[Extracted data — start]
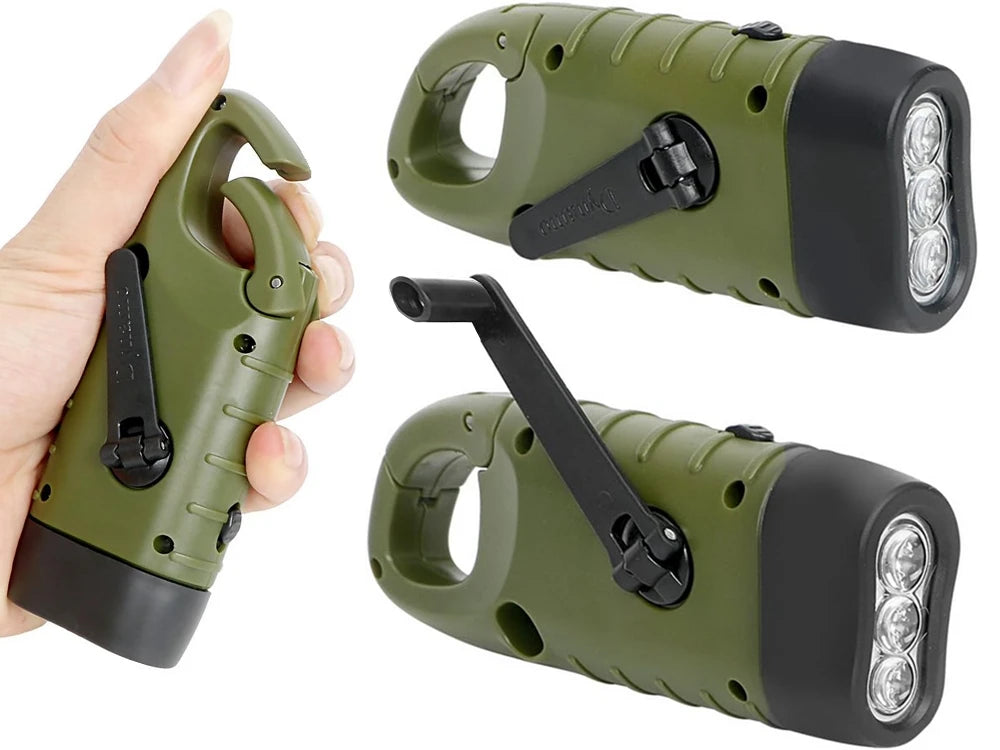 Dynamo Solar Taschenlampe mit 3 LEDs – Handkurbel Lampe mit Karabiner für Camping, Auto & Notfall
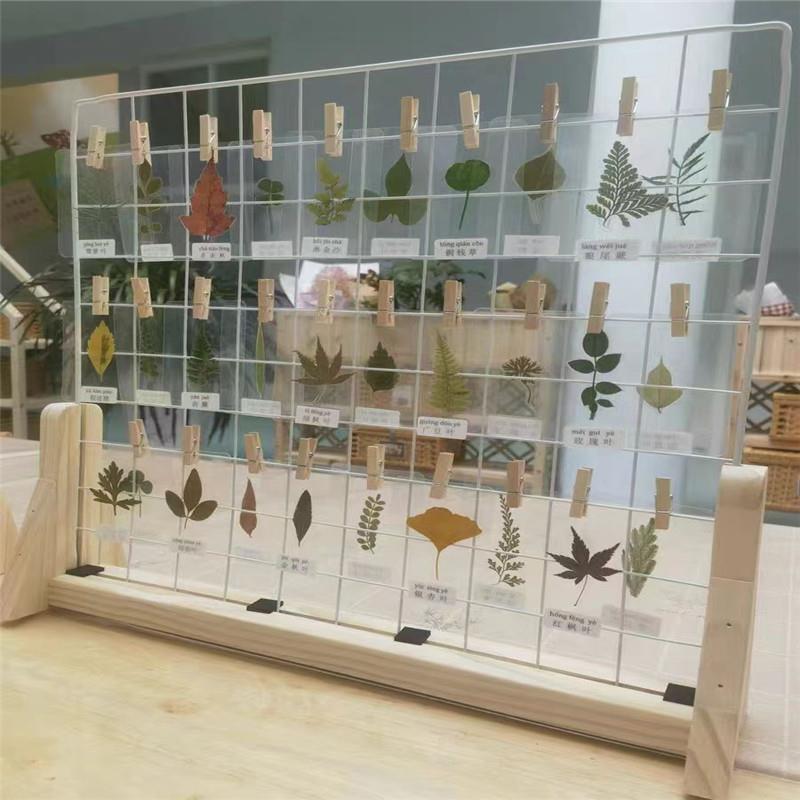 网格网幼儿园作品展示架艺术区木制珠宝发夹耳环白色网架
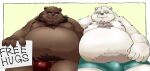  2023 anthro bear belly big_belly brown_body brown_fur bulge clothing duo english_text fur hi_res kemono male mammal moobs nipples overweight overweight_male polar_bear sitting text underwear ursine white_body white_fur yanununununu 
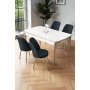HANAH HOME Rasklopivi trpezarijski sto i stolice (5 delova) Nira White Chrome Anthracite - slika 1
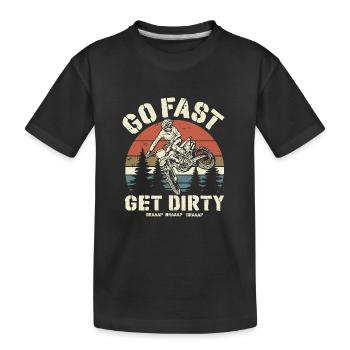 Ride fast, get dirty - motocross saying - Kids' Premium Organic T-Shirt - black - Front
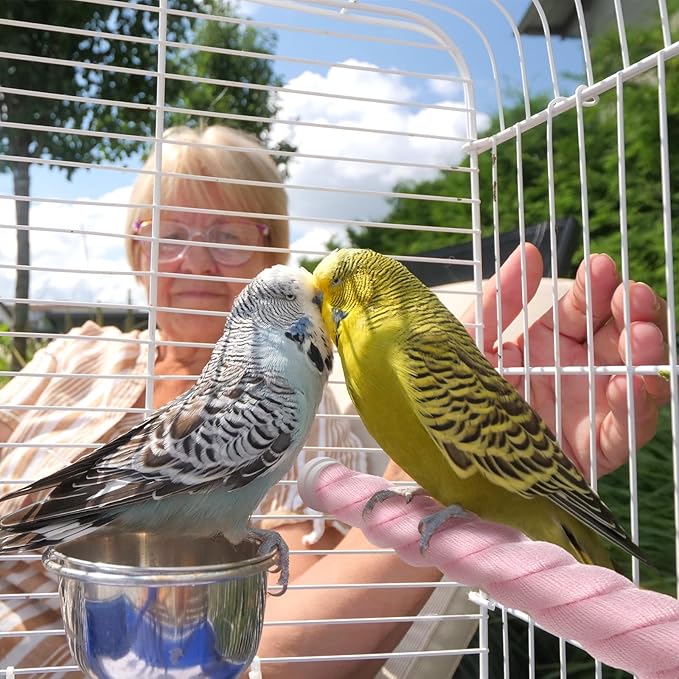 2-Pack Rope Perches for Bird Cages, 23.6 in Length Comfort Grip Flexible Rope Perch Beak & Paw Grinding for Parrots/Cockatiels/Parakeets, Bird Platform Sand [Pink]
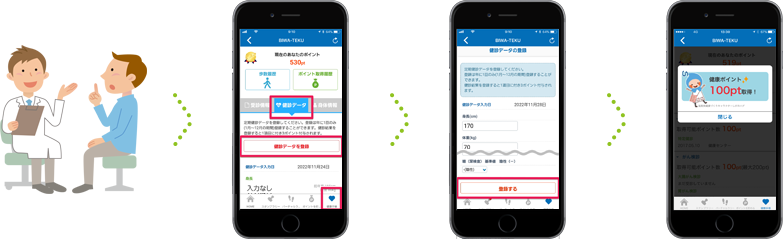定期健診データを登録してポイントをためる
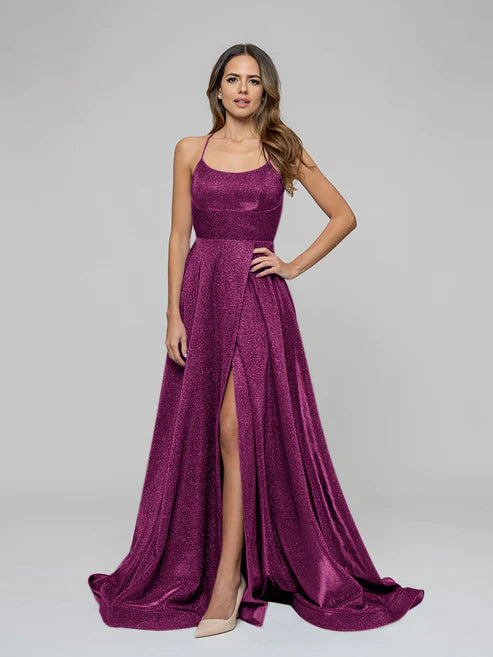 DingJiDress Halter Metallic Glitter Criss Cross Back A Line Prom Dresses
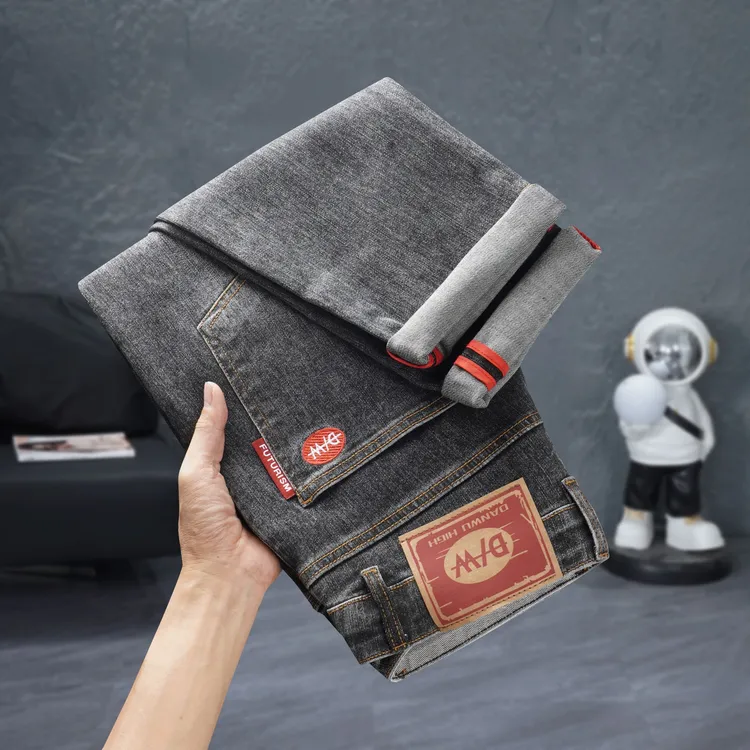 秋冬轻奢弹力男士牛仔裤休闲百搭小直筒裤韩版男士修身九分长裤灰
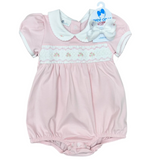 Pink S/S Emily & Ethan Smocked Collared Short Bubble Baby Sleepwear Magnolia Baby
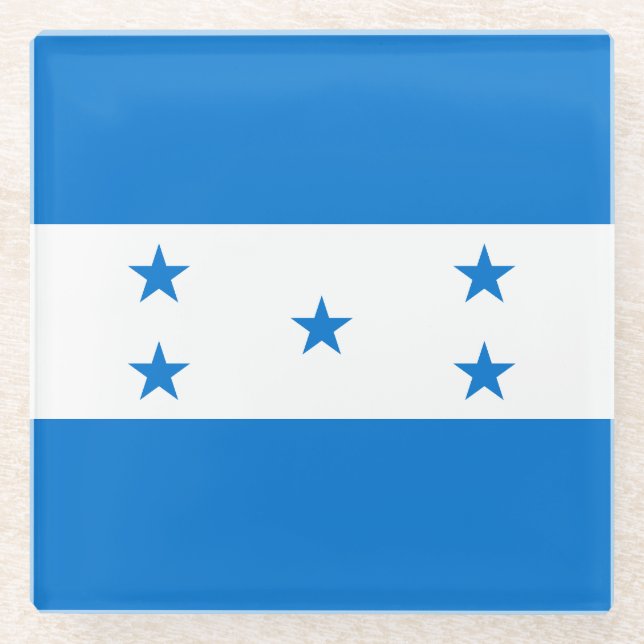 Posavasos De Vidrio Bandera de Honduras (Anverso)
[Extracted data — finish]
Problem statement = Take the records above from the line with "Pink S/S Emily" down to their last line and please copy those lines exactly, without the pictures.

Completed exercise =
 Pink S/S Emily & Ethan Smocked Collared Short Bubble Baby Sleepwear Magnolia Baby
 Posavasos De Vidrio Bandera de Honduras (Anverso)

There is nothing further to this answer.